Exploration of machine learning for pre-emptive scheduling in single-instruction multiple-data mega-kernel designs

Lead Research Organisation: Imperial College London
Department Name: Computing

Abstract

This project is about exploring the question if we can use machine learning to make parallel computing units like graphics processing units (GPUs) more efficient. GPUs have become powerful parallel processors, but using this power is often difficult. Currently, GPUs are mostly used for algorithms that are easy to parallelize. However, I believe that it is possible for more algorithms to benefit from the power of GPUs, if we offer new ways for GPU programming and more intelligent task scheduling strategies.

In the past I have been researching novel frameworks to allow the parallelisation of computational methods that are usually hard to translate for an execution of parallel hardware like GPUs. For that I used a parallel programming concept called Mega-Kernel. The essence of this concept is that a few computing units out of several thousand are responsible for scheduling computational tasks with different priorities. The Mega-Kernel concept has been demonstrated to provide a powerful extension of conventional kernel based program execution management that can deliver significant performance enhancement from single instruction multiple data (SIMD) approaches. However, to date the queue optimisation capabilities that are at the core of the approach use static rule based decision processes and in particular do not provide optimal hardware utilization or automatic intelligent preemptive scheduling. There are many real world applications for which performance could potentially be transformed by more dynamically adaptive scheduling capabilities and the SIMD architecture itself provides an opportunity to realise this. In this project we will explore statistical machine learning at the parallel hardware level to automatically predict the priorities of tasks in complex real world data analysis tasks such as the reconstruction and motion correction of n-dimensional motion corrupted medical image data.

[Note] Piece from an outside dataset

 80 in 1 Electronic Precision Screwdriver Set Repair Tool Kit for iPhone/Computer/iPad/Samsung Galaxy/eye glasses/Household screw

In particular, we will explore the real-time capabilities of machine learning supported preemptively scheduled reconstruction for the direct integration of motion correction into the scan process of fetal magnetic resonance data. Motion correction is the only way to provide comprehensive investigation of all fetal organs at high resolution. However, the currently used algorithmic pipeline is unidirectional, slow and consists of error-prone post-scan-processing steps. The lack of interactivity makes manual corrections or an integration into the scan process impossible at the moment. Automatically prioritised preemptive scheduling of the algorithm's tasks on commodity hardware like GPUs will likely provide a way to introduce real-time capabilities for such extremely complex computing methods.

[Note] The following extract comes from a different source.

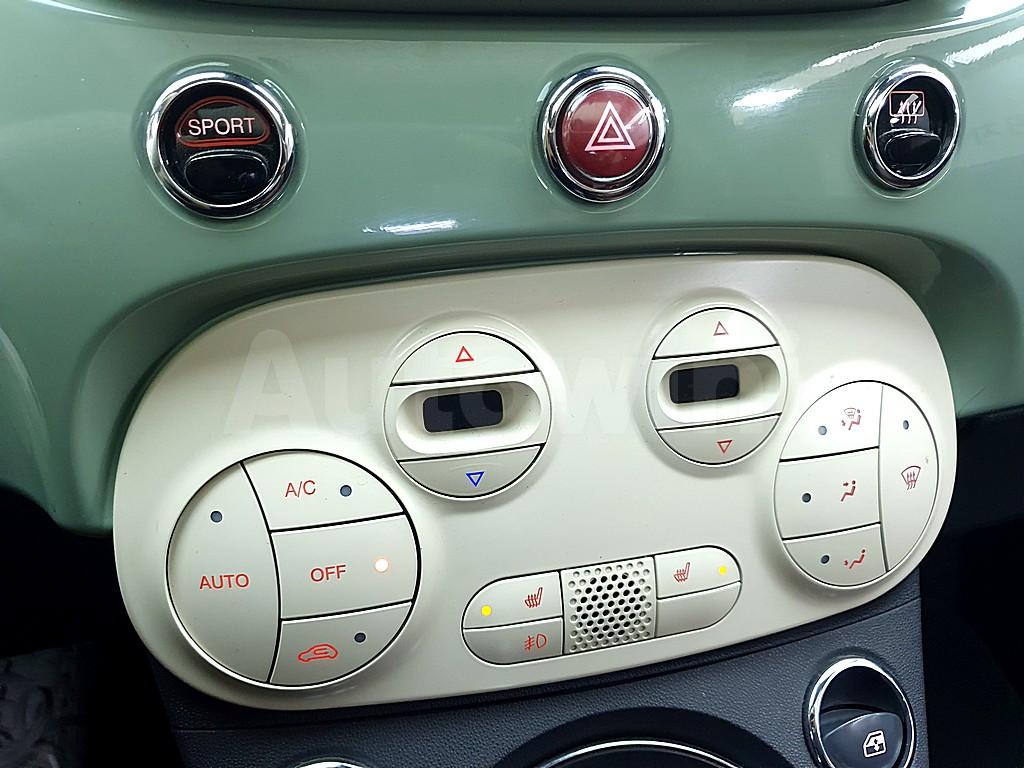2015 FIAT 500 COUPE 1.4 COLOR PLUS - 13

It will be feasible during the 14 months of this project to explore if machine learning could be an option to predict the hardware utilisation of the tasks of a complex example algorithm like motion correction with potential corrective user input. If successful, the results of this project are likely to introduce a new paradigm in high-performance computing and will contribute to a paradigm-shift in medical image acquisition of moving objects.

Planned Impact

This project focuses on developing new software technologies for high-performance computing (HPC) with applications to medical image analysis.
The most immediate impact is expected through uptake of the developed fundamental methods by the HPC community and by researchers in medical image analysis. The PI will advance this uptake through direct collaboration with experts in HPC (Imperial College, MPI Saarbrücken) and medical image acquisition (King's College London) and is currently exploring the potential for collaboration with other research groups (academic visits for example to Vienna University of Technology, Austria, the HPC facility in Nottingham, UK and the University Hospital Leipzig, Germany).

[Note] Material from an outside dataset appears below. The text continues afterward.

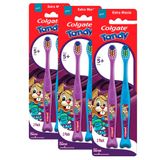 Kit 3 Escova Dental Colgate Tandy 2 Unidades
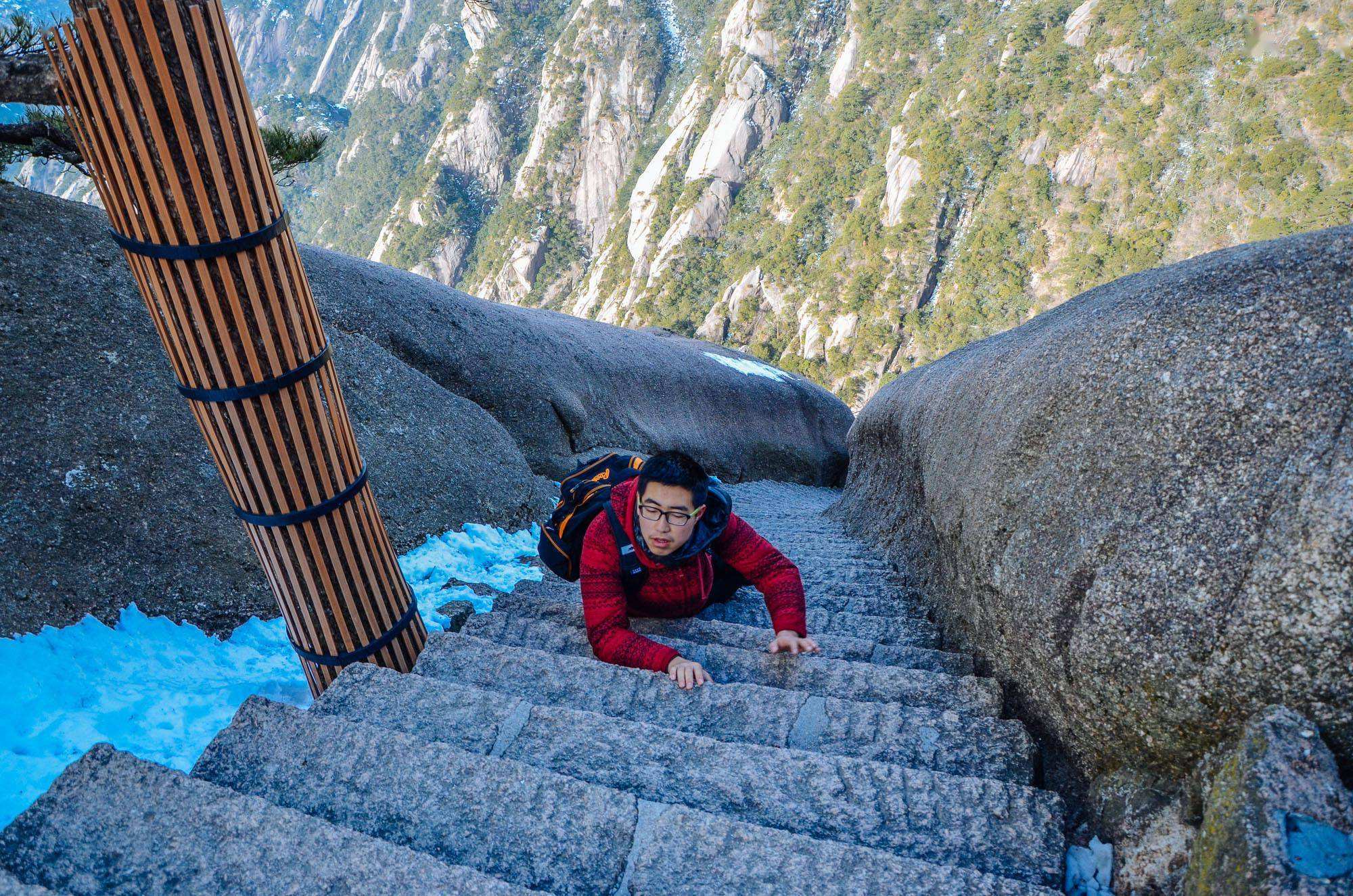 黄山后山上前山下 黄山后山上前山下攻略 一日游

Dynamic scheduling for GPUs provides a great number of possibilities. Exploring the integration of machine learning into these techniques can pave the way for new parallel programming models, following the idea that algorithms can be written more easily by defining work entities and their relations rather than execution steps. With the possibility to control execution states at runtime, we can provide an intelligent task manager for GPUs. We will also explore the application areas that can be tackled with advanced GPU scheduling strategies, including motion correction in n-dimensional magnetic resonance imaging (MRI), which includes research on computational intelligence and real-time scheduling for time critical processes.

At the same time we will work on the remaining features that hamper the straight forward mapping of complex algorithms for GPU execution. We will enable learned task priorities that completely hide task prioritisation from the programmer, allowing an arbitrary small granularity of priority levels. With the combination of all these efforts, we will make GPUs a more accessible device for the development of complex parallel algorithms.

The chosen example application will contribute significantly towards the development of better and more objective imaging biomarkers in medical imaging. Such markers are crucial for early or differential diagnosis. In addition they allow clinicians to reach informed decisions and viewpoints on potential treatments and therapies. Therefore, clinicians in medical imaging and fetal medicine will be also direct beneficiaries of this research.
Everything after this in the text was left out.